*EXERCISE REQUIREMENTS:* Every line from the one with "1537 Eagleton Lane" through the end of the material should be written out character for character. Lines before it are excluded.

━━ DATA RECORDS ━━

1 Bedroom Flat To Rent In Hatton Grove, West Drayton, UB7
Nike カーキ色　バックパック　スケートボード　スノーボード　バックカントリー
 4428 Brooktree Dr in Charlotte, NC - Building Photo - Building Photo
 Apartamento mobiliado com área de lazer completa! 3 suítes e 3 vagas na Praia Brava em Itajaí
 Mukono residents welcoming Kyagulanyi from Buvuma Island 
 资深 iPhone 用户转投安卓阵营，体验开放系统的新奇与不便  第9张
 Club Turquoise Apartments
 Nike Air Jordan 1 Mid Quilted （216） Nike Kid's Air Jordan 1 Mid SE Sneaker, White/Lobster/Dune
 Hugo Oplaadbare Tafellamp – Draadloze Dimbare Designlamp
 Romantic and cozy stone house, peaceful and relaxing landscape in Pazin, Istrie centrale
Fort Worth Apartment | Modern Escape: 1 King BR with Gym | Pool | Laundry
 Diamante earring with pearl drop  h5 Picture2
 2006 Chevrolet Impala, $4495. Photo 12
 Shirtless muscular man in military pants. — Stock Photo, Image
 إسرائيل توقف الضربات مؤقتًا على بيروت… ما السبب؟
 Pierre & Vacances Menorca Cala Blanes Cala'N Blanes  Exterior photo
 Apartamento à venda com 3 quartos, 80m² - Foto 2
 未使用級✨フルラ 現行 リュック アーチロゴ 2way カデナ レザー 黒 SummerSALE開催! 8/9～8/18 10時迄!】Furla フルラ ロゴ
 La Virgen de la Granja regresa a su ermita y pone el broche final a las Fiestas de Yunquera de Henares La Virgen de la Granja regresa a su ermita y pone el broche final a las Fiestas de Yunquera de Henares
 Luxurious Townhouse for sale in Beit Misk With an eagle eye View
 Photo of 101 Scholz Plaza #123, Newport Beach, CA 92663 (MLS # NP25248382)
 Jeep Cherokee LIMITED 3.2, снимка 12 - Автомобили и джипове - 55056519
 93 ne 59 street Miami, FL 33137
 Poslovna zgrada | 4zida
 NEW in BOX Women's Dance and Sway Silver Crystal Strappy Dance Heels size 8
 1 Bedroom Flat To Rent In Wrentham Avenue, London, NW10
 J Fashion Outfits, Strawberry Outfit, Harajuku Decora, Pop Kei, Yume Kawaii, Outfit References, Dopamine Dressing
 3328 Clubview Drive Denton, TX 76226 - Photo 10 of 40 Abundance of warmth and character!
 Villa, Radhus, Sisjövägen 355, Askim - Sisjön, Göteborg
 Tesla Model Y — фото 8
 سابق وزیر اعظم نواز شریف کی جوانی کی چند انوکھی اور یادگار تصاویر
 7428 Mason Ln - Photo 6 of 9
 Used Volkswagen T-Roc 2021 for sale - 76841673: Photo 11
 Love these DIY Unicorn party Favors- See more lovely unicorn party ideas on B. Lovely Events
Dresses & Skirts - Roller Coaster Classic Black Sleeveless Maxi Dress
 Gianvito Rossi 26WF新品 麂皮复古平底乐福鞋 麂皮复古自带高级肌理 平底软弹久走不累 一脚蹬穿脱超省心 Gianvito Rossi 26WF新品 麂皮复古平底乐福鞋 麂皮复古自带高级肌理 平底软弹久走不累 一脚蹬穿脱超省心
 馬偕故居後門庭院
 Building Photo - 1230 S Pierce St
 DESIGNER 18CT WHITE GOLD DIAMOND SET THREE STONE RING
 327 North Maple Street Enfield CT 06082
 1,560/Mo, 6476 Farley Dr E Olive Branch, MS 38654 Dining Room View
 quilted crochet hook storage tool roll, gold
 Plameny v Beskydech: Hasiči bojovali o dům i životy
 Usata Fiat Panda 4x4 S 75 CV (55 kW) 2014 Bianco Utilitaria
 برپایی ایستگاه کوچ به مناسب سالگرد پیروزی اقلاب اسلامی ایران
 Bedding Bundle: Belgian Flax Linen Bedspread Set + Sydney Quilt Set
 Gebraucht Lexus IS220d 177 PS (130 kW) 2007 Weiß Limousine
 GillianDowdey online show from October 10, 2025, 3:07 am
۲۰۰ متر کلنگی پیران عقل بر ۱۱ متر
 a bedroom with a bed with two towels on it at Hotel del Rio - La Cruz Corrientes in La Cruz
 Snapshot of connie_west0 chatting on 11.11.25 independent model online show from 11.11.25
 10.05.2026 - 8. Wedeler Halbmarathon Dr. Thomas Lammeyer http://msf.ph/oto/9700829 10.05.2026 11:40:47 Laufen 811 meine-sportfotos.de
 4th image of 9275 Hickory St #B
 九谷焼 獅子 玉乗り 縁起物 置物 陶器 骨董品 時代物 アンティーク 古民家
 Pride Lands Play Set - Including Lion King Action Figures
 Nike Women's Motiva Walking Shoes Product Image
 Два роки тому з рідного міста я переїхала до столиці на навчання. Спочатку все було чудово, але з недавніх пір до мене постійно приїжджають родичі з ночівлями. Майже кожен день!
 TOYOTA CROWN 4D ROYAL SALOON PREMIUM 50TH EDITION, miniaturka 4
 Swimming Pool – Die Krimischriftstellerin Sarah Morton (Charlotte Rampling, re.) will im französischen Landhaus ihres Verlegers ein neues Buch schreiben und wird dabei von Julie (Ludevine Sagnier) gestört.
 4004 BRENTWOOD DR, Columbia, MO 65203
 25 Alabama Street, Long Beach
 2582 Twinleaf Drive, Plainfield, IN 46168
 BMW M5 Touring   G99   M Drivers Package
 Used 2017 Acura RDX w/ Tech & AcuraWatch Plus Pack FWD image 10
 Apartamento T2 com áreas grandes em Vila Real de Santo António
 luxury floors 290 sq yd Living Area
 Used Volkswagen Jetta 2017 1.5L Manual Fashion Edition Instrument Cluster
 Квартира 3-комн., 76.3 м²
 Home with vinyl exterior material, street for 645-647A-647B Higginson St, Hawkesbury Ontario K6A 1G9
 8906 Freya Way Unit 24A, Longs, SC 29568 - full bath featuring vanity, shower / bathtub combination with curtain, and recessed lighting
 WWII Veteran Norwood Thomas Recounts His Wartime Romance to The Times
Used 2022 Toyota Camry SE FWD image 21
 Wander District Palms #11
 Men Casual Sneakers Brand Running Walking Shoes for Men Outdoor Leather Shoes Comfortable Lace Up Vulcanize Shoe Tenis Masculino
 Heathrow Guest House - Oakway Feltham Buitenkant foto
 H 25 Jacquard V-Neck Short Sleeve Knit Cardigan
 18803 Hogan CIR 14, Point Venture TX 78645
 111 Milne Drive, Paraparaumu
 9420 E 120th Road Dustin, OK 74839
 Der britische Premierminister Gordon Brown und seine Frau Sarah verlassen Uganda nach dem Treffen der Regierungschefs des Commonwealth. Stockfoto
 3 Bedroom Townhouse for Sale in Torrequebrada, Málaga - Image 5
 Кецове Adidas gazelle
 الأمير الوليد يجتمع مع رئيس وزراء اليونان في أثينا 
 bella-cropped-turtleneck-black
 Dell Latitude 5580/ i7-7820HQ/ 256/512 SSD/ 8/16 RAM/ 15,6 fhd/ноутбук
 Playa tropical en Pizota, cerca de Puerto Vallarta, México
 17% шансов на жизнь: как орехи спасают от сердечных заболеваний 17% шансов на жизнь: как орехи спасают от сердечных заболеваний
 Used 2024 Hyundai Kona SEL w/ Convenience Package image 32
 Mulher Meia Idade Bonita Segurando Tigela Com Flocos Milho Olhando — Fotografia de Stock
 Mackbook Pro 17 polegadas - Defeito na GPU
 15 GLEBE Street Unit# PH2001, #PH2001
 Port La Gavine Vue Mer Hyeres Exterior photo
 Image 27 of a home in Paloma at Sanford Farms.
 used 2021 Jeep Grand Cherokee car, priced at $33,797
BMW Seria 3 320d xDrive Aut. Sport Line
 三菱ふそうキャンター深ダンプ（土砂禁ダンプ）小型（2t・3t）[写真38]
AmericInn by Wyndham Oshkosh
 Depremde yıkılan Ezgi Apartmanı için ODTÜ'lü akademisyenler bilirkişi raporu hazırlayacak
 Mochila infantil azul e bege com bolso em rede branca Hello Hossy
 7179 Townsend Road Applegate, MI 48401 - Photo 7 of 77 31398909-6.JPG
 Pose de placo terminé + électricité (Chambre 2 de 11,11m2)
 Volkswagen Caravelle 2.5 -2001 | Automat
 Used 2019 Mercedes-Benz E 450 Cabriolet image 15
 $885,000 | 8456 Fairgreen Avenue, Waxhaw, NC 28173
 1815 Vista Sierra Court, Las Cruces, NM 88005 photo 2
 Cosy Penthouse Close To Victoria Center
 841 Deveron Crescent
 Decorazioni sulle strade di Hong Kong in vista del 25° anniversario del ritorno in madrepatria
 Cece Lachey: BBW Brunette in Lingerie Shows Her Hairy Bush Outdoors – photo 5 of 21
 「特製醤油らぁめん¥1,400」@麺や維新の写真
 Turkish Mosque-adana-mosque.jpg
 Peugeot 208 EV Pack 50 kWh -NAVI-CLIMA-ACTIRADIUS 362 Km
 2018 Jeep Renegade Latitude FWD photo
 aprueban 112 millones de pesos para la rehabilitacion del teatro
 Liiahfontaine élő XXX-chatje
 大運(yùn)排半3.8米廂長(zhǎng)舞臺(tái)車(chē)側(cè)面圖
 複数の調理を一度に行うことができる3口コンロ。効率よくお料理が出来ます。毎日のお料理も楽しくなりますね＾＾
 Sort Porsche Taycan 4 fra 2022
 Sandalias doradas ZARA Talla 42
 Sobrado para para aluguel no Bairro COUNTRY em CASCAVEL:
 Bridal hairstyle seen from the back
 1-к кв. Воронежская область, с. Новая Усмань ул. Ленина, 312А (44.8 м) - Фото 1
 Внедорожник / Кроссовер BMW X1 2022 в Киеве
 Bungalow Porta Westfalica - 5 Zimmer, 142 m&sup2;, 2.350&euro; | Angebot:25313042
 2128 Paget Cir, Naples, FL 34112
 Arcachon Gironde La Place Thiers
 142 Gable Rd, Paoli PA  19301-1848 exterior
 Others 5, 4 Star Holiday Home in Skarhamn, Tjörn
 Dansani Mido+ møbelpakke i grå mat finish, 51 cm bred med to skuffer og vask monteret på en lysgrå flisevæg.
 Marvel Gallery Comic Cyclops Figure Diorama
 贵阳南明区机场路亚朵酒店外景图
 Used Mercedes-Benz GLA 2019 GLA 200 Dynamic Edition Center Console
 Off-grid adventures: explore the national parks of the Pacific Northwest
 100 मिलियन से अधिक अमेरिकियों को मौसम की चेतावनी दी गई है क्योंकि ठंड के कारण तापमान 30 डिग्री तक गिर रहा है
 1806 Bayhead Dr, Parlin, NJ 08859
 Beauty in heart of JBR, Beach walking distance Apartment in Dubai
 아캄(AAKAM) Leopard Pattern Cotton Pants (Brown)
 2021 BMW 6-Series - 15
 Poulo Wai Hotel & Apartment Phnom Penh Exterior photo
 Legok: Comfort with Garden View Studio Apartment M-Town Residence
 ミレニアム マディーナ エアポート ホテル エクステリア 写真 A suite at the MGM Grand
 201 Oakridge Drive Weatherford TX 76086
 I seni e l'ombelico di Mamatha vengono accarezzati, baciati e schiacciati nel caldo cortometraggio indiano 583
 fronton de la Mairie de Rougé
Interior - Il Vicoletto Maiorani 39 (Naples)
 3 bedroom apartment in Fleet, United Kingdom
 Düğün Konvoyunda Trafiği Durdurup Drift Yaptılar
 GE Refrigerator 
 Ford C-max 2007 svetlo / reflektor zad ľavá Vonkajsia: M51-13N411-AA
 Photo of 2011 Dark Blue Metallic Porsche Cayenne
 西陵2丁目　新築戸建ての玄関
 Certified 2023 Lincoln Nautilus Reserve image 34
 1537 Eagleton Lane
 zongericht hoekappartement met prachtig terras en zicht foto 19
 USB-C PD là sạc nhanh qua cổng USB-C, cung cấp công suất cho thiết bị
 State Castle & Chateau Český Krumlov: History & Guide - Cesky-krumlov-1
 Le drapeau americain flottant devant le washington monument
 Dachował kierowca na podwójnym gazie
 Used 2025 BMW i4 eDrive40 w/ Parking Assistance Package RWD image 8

━━━

*OUTPUT:*
 1537 Eagleton Lane
 zongericht hoekappartement met prachtig terras en zicht foto 19
 USB-C PD là sạc nhanh qua cổng USB-C, cung cấp công suất cho thiết bị
 State Castle & Chateau Český Krumlov: History & Guide - Cesky-krumlov-1
 Le drapeau americain flottant devant le washington monument
 Dachował kierowca na podwójnym gazie
 Used 2025 BMW i4 eDrive40 w/ Parking Assistance Package RWD image 8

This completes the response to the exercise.